Severe obsessive-compulsive disorder?
Chronic time-wasting tendencies?
An urge to masturbate my brain in public?
A longing desire to make the Web a better place to live?
All of the above?
I soon fell into something resembling a trance (and let me point out I’m not a hardcore gamer, simply because I do not want to go there). I began to have an out-of-body experience. My hands typed out the simplest words possible — ”man,” ”people,” ”black,” ”animal,” ‘’square,” ”object” and so on, seemingly before my brain could move on to more descriptive and accurate expressions, such as ”millions and millions of stars forming a rich purple crystalline cosmos,” or ‘’some sad suited saps smiling trying their hardest to smile at trade conference dinner in Best Western,” and pointlessly so on.
It’s pointless, because to truly win the game of labeling, you have to boil everything down to simplest elements. Yes, your knowledge of the world occasionally comes into play, but mostly it’s about nailing it with as few keystrokes as possible.
A lot 0’s and 1’s have already been spilled about this being Google’s underhanded attempt to create a Web sweatshop. Evil Google, recording every keystroke and click, bombarding me with ads, outing innocent Chinese dissidents and Brazilian undesi. Oh Big Brother of our worst nightmares, you tricked me into using your search, giving you access to my spreadsheets, archiving and cataloging all most intimate mails and chats. You had everything you need to profile me, but you had to have more. You have not only put me to work for you, deceiving me with your little game for little points, you are trying to read my thoughts.
Seriously, though, there are no alarms and no surprises. I have freedom of choice. I could have closed that window and moved on, never to label another speaker, machine part, or galaxy.
But no. I had to label on, until I was KING OF THE IMAGE LABELING HILL!
And I did, of course. I was king, I tell you.

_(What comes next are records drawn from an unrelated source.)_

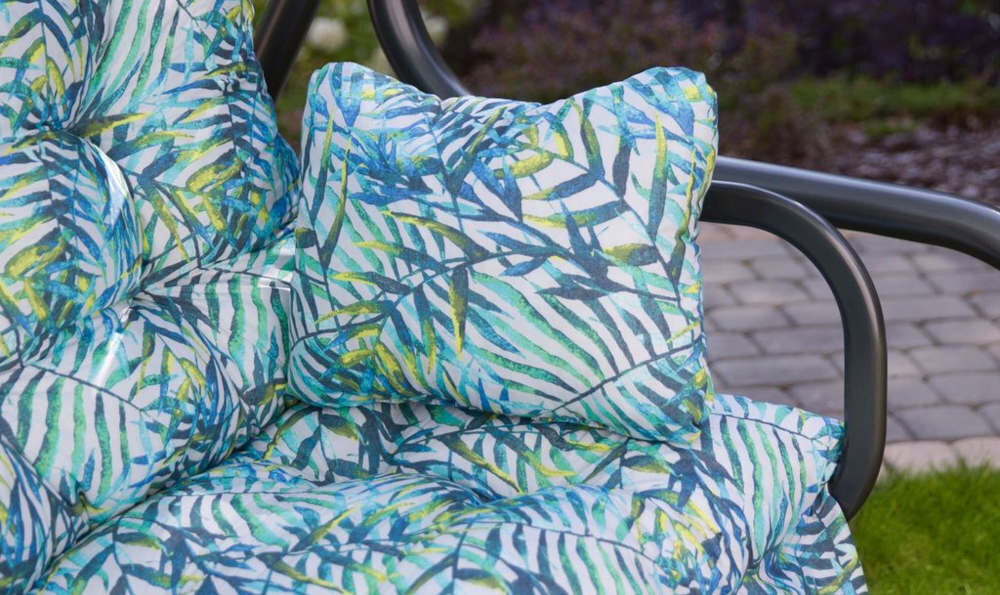 Huśtawka ogrodowa PATIO Parma G045-01PB komplet dwie poduszki troczki mocowanie komfort wygoda relaks solidna konstrukcja grubosc pikowanie miekkosc odpoczynek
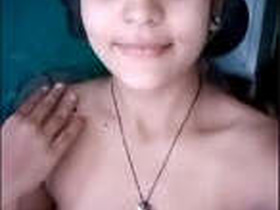 Indian girl takes nude selfies and shows off her body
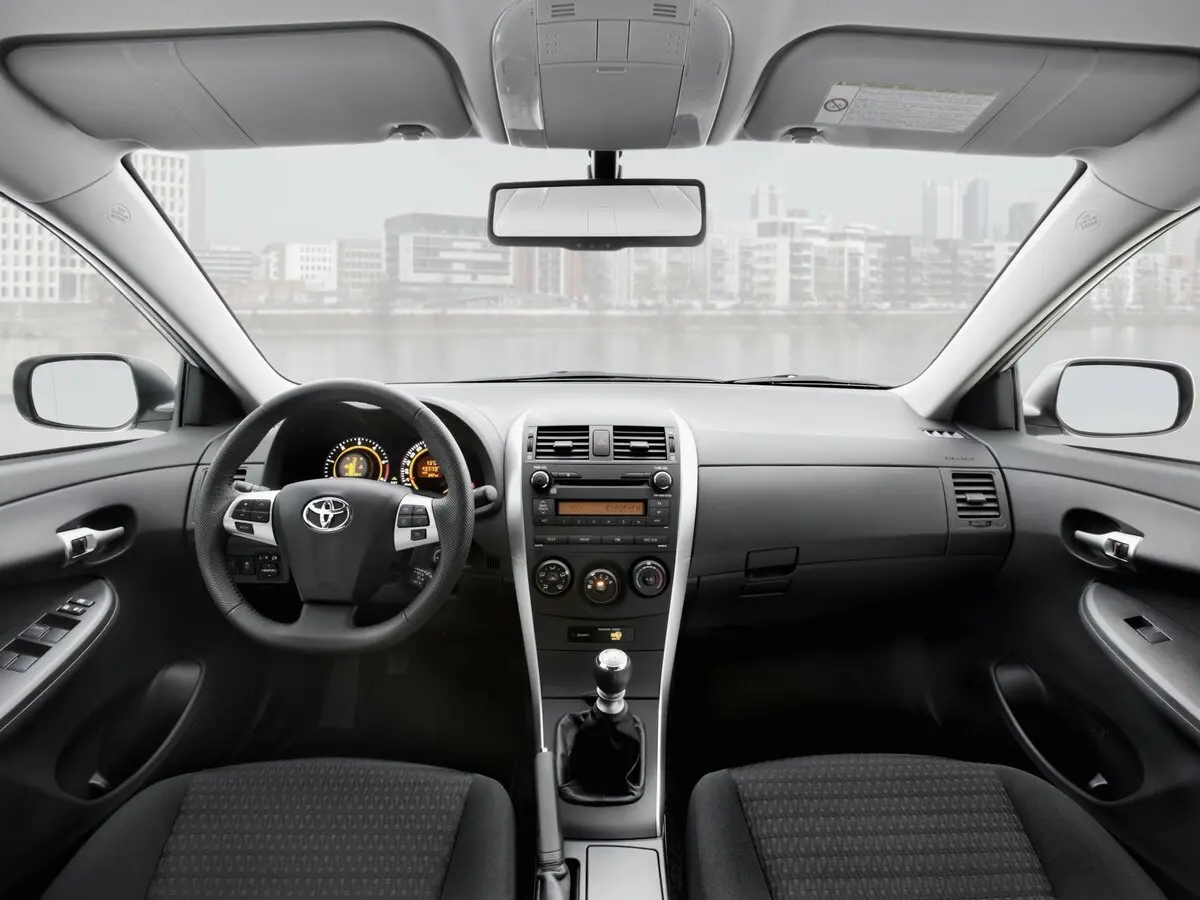Toyota Corolla X (E140, E150) Рестайлинг Седан — фото 6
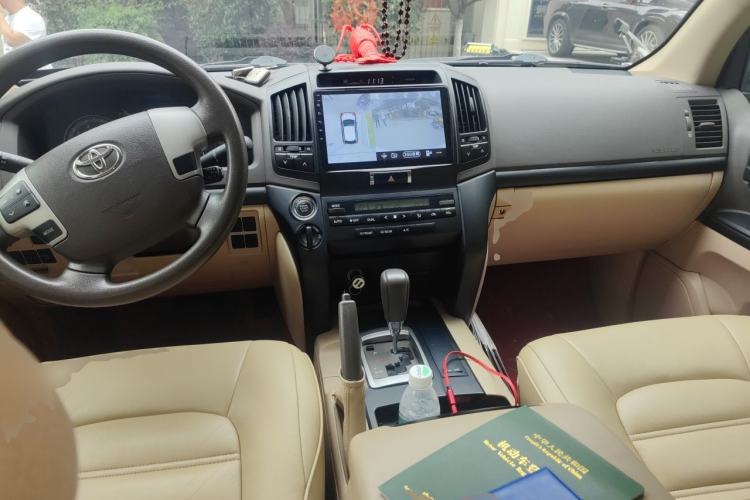 Used Toyota Land Cruiser 2015 4.0L 5-Seater Middle East Version Center Console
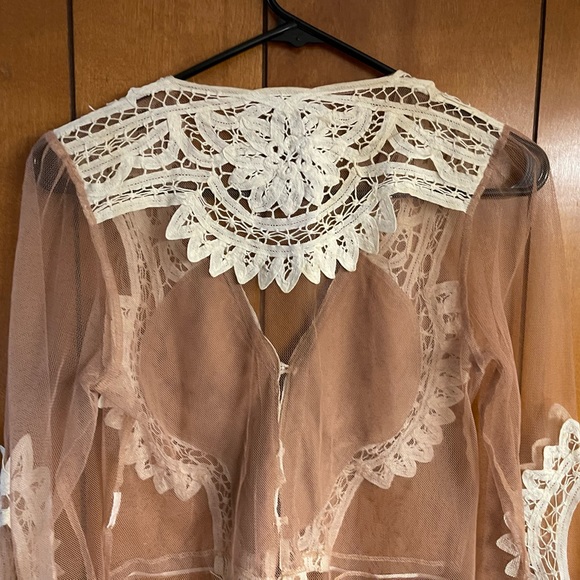 Rare For Love and Lemons Penelope Lace Sheer Crop Top M - Picture 14 of 15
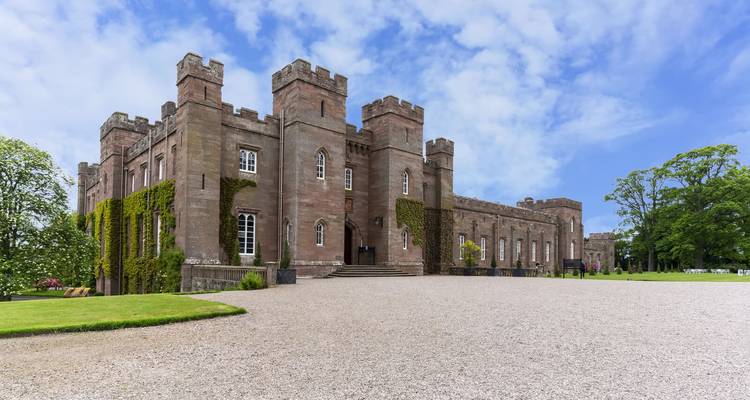 Außenansicht von Scone Palace mit einem Kies-Vorhof.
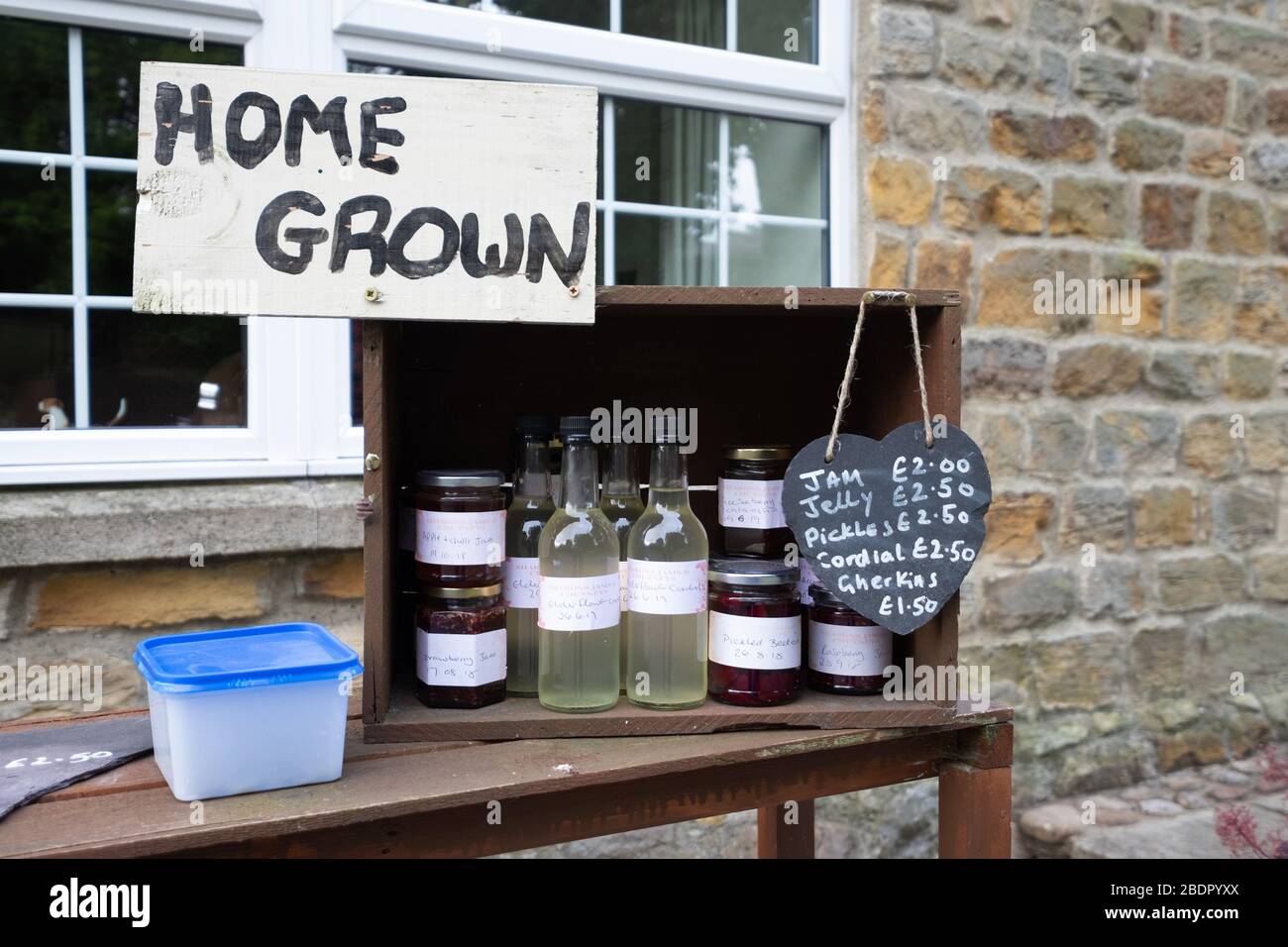 Hausgemachte Produkte zum Verkauf, Galphay Dorf, Yorkshire, England Stockfoto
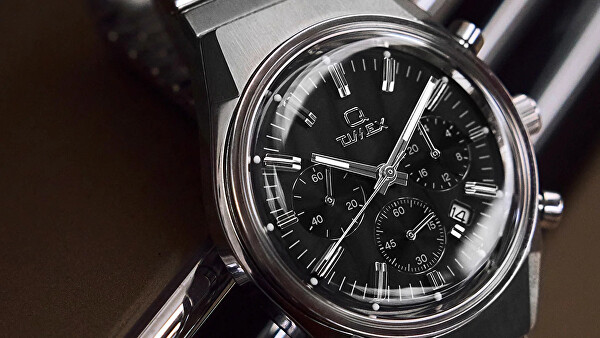 Q Falcon Eye Chronograph TW2Y34800UK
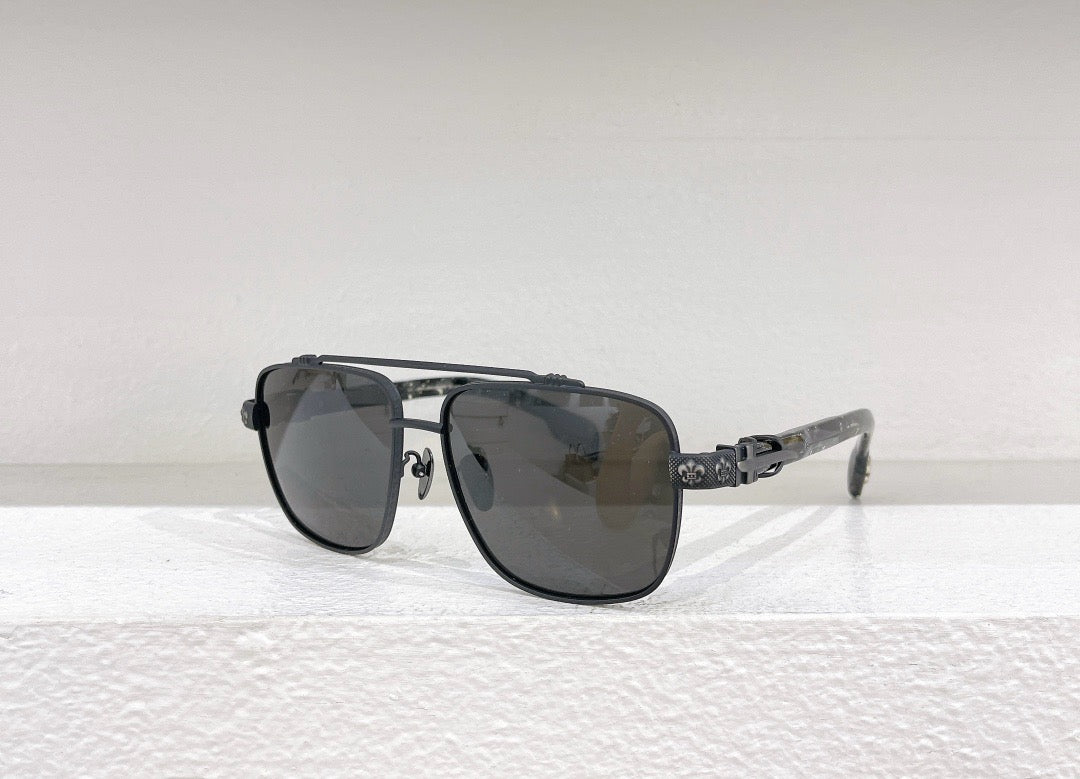 Gafas de sol azules, marrones y negras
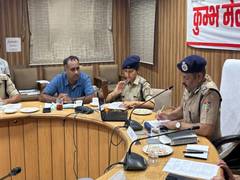 
      
      Uttarakhand Police hold review meeting ahead of Mahakumbh Mela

For at least one brief google-second.
While my opponents in the West were sleeping, I was in the East, making my way steadily up the list. I evolved new digits, that blurred across the keyboard as I encountered nameless partners with whom I could mind-meld and match labels in one fell swoop.
It was a Sunday afternoon when I finally reached reached the pinnacle. But funnily enough, the thrill of victory simply wasn’t enough. NO. I wanted my opponents to awake and see my trails in the distance. I wanted them to weep at the gap I had created between them and me.
I thwacked away each PSP cover, each obscure document, each MAN (person, people, suit, tie), WOMAN (girl, chick, mother, smile) and CHILD (kid, infant, baby, toddler, infant). I was an invincible taxonomist (there, I said it).
Then it happened, in a flash. I had been on top, at 20,5700 points, and suddenly with no warning, a new labeler on the block streaked by with nearly double the points. Where did he/she come from? How did he/she/it get so far, so fast? Oh, cruel fate.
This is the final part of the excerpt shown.